This page is about implicit differentiation in calculus. Implicit differentiation can be found in calculus books and in many introductory calculus courses (depending on the instructor, degree program/major). It is assumed that the reader has a good grasp on calculus derivatives.
Implicit differentiation is a more general form of regular differentiation when we are not able to take derivatives in the \(y = \dots\) format.
Explicit Form
A function is expressed in explicit form when it is expressed in a form such as:
\[y = \dots \]
or
\[f(x) = \dots\]
where the independent variable \(y\) or \(f(x)\) is isolated on its own.

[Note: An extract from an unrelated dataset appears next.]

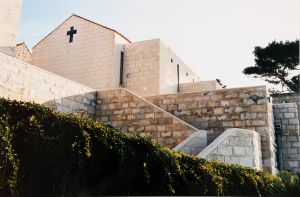 MUO-019984/02: Župni centar Sv. Petra Boninovo Dubrovnik;Parish Center of St. Peter, Boninovo, Dubrovnik: arhitektonska fotografija
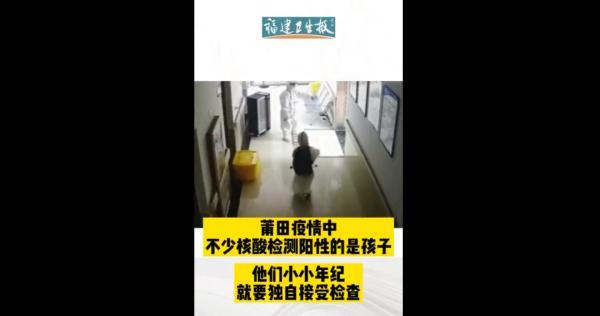 应该给无症状、轻症核酸阳性儿童做CT吗？有医生强烈反对，有医生支持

For those who start out in calculus, derivatives are taken form from functions in explicit form. Explicit function forms make it easy for us to compute derivatives. For example, we can find the derivative of \(y = x^2\) with respect to the variable \(x\). The derivative would be \(y' = 2x\).
Implicit Form
A function not in explicit form is in implicit form as the independent variable such as \(y\) or \(f(x)\) is not isolated on its own.
For example, with \(\dfrac{y}{x} = 24\), we cannot find the derivative right away as we need to isolate for \(y\). Rearrangement yields \(y = 24x\). The derivative would then be \(y' = 24\).
The example given was a simple case but what if we are given something such as \(\cos(y) + y= 2x\) and want to find the derivative of \(y\) with respect to x? There is no explicit form so we need a new method of taking derivatives of implicit form equations.
We can also think of \(y\) as \(y(x)\) as \(y\) is a function of \(x\). In here, \(y\) is the same as \(y(x)\) and \(y'\) is the same as \(\dfrac{dy}{dx}\).
Given an equation in implicit form where the dependent variable such as \(y\) or \(f(x)\) cannot be isolated, we have the method for implicit differentiation.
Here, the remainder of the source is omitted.